Church and synagogue unite to assist the needy
search

Church and synagogue unite to assist the needy

Oheb Shalom visits Newark to assemble Thanksgiving feasts

Teens and adults from Oheb Shalom Congregation join members of Franklin-St. John’s United Methodist Church in Newark to pack Thanksgiving bags for needy families, as part of the community service of Etgar, the synagogue’s teen group.
Teens and adults from Oheb Shalom Congregation join members of Franklin-St. John’s United Methodist Church in Newark to pack Thanksgiving bags for needy families, as part of the community service of Etgar, the synagogue’s teen group.

When Michael Fel was growing up in Miami, he took for granted meeting people from all kinds of backgrounds. But as rabbinic intern at Oheb Shalom Congregation in suburban South Orange, he senses that isn’t the case for the teens he supervises.

So Fel, who leads the synagogue’s Etgar group for students in eighth-12th grade, welcomes the growing bond forming between the youths from the Conservative synagogue and those from Franklin-St. John’s United Methodist Church in Newark.

In the last year, volunteers from the church and the synagogue have come together to plan joint community service projects, including collecting food for the church’s Thanksgiving turkey drive, a school supplies drive, and an “African-American/Jewish Freedom Seder” held at the synagogue.

In preparation for Thanksgiving, on Nov. 18 Fel, Rabbi Mark Cooper, and other adults from Oheb Shalom took 28 Etgar members to the church. There they joined church members in packing big Ikea bags full of trimmings for a feast.

In short order, the combined team had almost 150 bags packed with gravy, corn, chicken broth, lemon pie filling, stuffing, and instant mashed potatoes, all collected by synagogue members. The church members were to provide turkeys to go with them.

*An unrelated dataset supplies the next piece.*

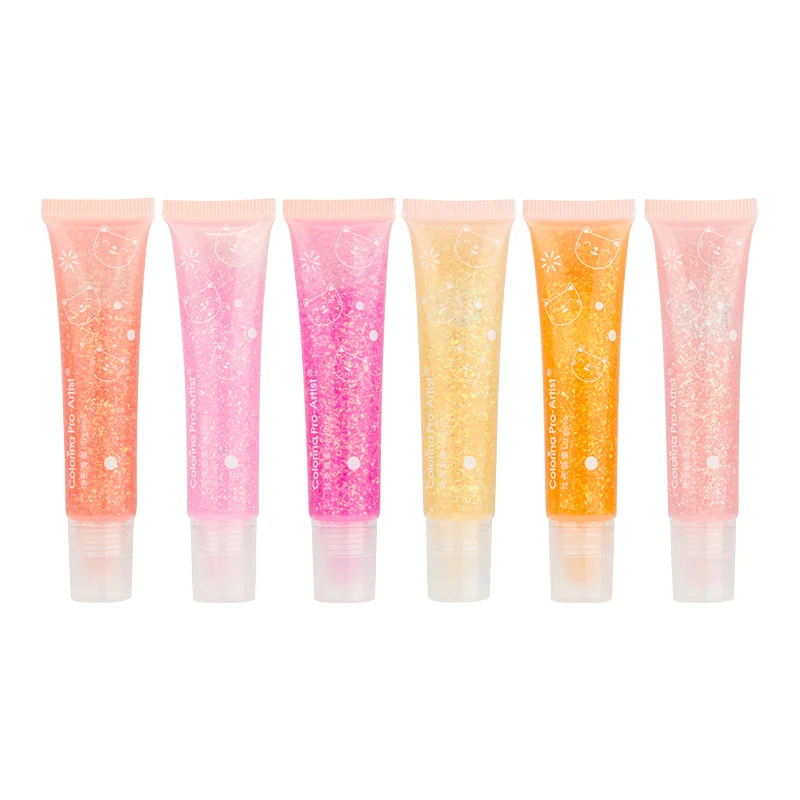 14ml cosmetics makeup lip gloss fruity smell customized low prices high pigment shimmer lip gloss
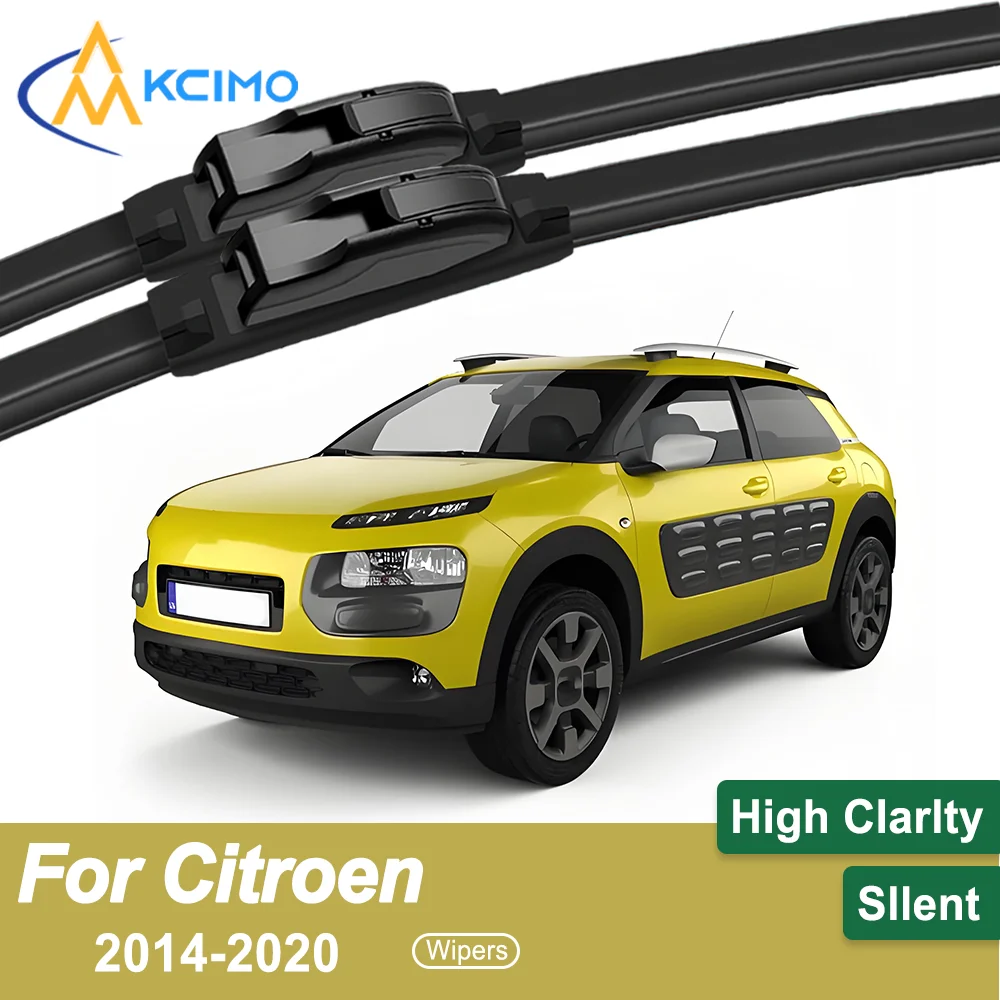 

2-Pack Superior Wiper Blades for Citroen C4 Cactus 2014-2020 All-Season Durable Quiet Wiping Uninterrupted Visibility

After that labor, they got to rest, listening to brief addresses by a minister of the church and Cooper, both emphasizing the importance of committing oneself to service.

The church-synagogue partnership began just over a year ago, when Amy Ganz Sadeghi, chair of the synagogue’s social action committee, was in search of a way her family could do community service on Thanksgiving Day. She reached Debi Hall Dean, executive director of Franklin-St. John’s, and — so both women say — they knew they had found a partnership.

The Oheb community joined in, its various sections offering to collect food to add to the turkey drive the church members had going to help needy local families.

This Thanksgiving Day, the Sadeghis plan to serve alongside the church members, providing a meal for homeless people. Cooper and his family will be working alongside them.

In the weeks prior to the Thanksgiving event, Etgar members explored the issue of world hunger, including a “hunger banquet,” with different groups arbitrarily assigned different levels of privilege. Some had seats; some had to sit on the floor. Some got salad, others only rice.

Some people got pretty upset, said Teddy Gruer, 15, but it helped that they knew they weren’t really going to go hungry. They were still going to have their weekly group dinner — usually pizza.